Dalam proses tersebut, kata dia, dapat melibatkan konsultan serta tim teknis dari sejumlah perangkat daerah, seperti Dinas Pekerjaan Umum dan Penataan Ruang (PUPR), Dinas Kesehatan, Dinas Perhubungan, Satpol PP hingga DLH.
“Tim teknis nantinya turun ke lapangan untuk melihat sejauh mana kebutuhan IPAL yang harus ditingkatkan. Jadi jangan dianggap enteng, karena ini menyangkut dampaknya terhadap masyarakat sekitar,” jelasnya.
Ahmad menekankan, pengelolaan limbah yang baik merupakan bentuk tanggung jawab bersama. Air limbah yang tidak dikelola dengan benar berpotensi memberikan dampak terhadap kualitas air, tanah, kesehatan masyarakat serta kelestarian lingkungan.
Karena itu, DLH Bangkalan secara berkala melakukan pengawasan, termasuk melalui pengujian mutu air dan tanah sebagai bagian dari upaya memastikan kondisi lingkungan tetap terjaga.
“Pentingnya IPAL ini adalah bagaimana kita mengawasi dampaknya terhadap masyarakat sekitar. Kami juga selalu melakukan uji mutu air dan tanah,” katanya.
Ia berharap sosialisasi tersebut tidak berhenti pada pemahaman semata, tetapi dilanjutkan dengan langkah konkret berupa percepatan pemenuhan persyaratan dan perizinan IPAL di seluruh puskesmas.
“Jangan menunggu sampai ada persoalan. Mari kita mulai dari sekarang,” pesannya.
Pelaksanaan sosialisasi IPAL di Puskesmas Tanah Merah dinilai sejalan dengan semangat Harteknas dan HKAN, yang menempatkan inovasi, teknologi dan kesadaran lingkungan sebagai bagian penting dalam pembangunan.
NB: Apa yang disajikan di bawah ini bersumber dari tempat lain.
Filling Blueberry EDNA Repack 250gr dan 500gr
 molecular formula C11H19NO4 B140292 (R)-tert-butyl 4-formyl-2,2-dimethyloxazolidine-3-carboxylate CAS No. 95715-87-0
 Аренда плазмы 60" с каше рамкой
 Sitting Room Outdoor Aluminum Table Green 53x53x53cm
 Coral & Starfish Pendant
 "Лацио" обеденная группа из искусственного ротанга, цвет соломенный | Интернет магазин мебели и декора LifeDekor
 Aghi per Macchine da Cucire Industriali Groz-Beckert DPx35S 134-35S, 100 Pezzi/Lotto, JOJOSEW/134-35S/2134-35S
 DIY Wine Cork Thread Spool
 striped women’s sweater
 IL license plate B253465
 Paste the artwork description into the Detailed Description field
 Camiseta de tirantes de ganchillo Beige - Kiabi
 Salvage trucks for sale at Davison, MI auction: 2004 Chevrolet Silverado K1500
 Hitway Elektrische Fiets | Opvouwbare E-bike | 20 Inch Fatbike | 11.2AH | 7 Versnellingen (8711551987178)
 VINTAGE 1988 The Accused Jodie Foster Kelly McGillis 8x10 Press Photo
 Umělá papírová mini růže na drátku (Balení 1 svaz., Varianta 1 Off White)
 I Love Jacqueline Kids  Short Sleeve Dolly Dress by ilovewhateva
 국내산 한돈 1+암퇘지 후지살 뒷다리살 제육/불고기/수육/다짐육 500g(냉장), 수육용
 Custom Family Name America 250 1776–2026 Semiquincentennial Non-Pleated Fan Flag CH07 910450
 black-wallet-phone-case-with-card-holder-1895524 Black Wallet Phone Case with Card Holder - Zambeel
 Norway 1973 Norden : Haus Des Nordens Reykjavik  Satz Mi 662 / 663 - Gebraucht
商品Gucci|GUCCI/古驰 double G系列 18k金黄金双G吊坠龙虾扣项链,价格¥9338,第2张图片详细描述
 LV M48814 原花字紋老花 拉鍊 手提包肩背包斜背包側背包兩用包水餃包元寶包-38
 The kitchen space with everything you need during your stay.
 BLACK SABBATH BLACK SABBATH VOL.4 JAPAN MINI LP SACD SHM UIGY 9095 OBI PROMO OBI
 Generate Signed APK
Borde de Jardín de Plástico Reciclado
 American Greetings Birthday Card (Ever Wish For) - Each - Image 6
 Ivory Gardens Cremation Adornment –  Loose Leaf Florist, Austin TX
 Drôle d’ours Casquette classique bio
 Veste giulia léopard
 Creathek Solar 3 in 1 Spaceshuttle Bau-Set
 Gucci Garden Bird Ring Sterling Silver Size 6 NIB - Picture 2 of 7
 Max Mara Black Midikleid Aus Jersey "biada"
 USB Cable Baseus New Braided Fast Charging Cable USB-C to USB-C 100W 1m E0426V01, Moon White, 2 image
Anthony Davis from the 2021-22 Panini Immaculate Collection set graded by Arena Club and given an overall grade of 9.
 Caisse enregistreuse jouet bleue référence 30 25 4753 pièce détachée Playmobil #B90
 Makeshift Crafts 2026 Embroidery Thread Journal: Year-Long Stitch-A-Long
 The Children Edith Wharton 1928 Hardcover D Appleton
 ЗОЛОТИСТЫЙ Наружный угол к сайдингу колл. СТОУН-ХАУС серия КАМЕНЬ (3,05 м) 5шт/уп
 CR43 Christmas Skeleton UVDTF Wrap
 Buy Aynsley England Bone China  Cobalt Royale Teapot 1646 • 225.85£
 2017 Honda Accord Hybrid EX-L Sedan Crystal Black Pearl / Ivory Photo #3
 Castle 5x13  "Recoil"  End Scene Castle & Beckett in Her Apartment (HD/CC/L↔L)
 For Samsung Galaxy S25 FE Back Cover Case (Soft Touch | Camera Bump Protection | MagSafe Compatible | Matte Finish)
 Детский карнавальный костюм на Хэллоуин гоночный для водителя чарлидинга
Pemanfaatan teknologi pengolahan air limbah di fasilitas pelayanan kesehatan diharapkan tidak hanya memastikan limbah dikelola sesuai standar, tetapi juga menjadi investasi jangka panjang bagi kesehatan masyarakat dan keberlanjutan lingkungan di Kabupaten Bangkalan.
Pemkab Bangkalan pun berharap sinergi antara perangkat daerah, fasilitas kesehatan, tenaga teknis, masyarakat, serta para pemangku kepentingan dapat terus diperkuat sehingga pengelolaan lingkungan berjalan secara konsisten.
“Ini menjadi tanggung jawab kita bersama. Pelayanan kesehatan harus berjalan, tetapi lingkungan juga harus tetap kita jaga. Keduanya harus berjalan beriringan,” pungkas Ahmad Sidiq.